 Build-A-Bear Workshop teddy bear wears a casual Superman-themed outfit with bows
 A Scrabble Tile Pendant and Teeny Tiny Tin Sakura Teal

--

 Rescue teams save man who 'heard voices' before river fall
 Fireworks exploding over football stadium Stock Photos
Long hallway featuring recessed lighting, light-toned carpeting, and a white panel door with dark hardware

→ **Task requirements**:
When the word "with" appears in a line of the listing, copy that line.

→ **Answer box**:
 Build-A-Bear Workshop teddy bear wears a casual Superman-themed outfit with bows
Long hallway featuring recessed lighting, light-toned carpeting, and a white panel door with dark hardware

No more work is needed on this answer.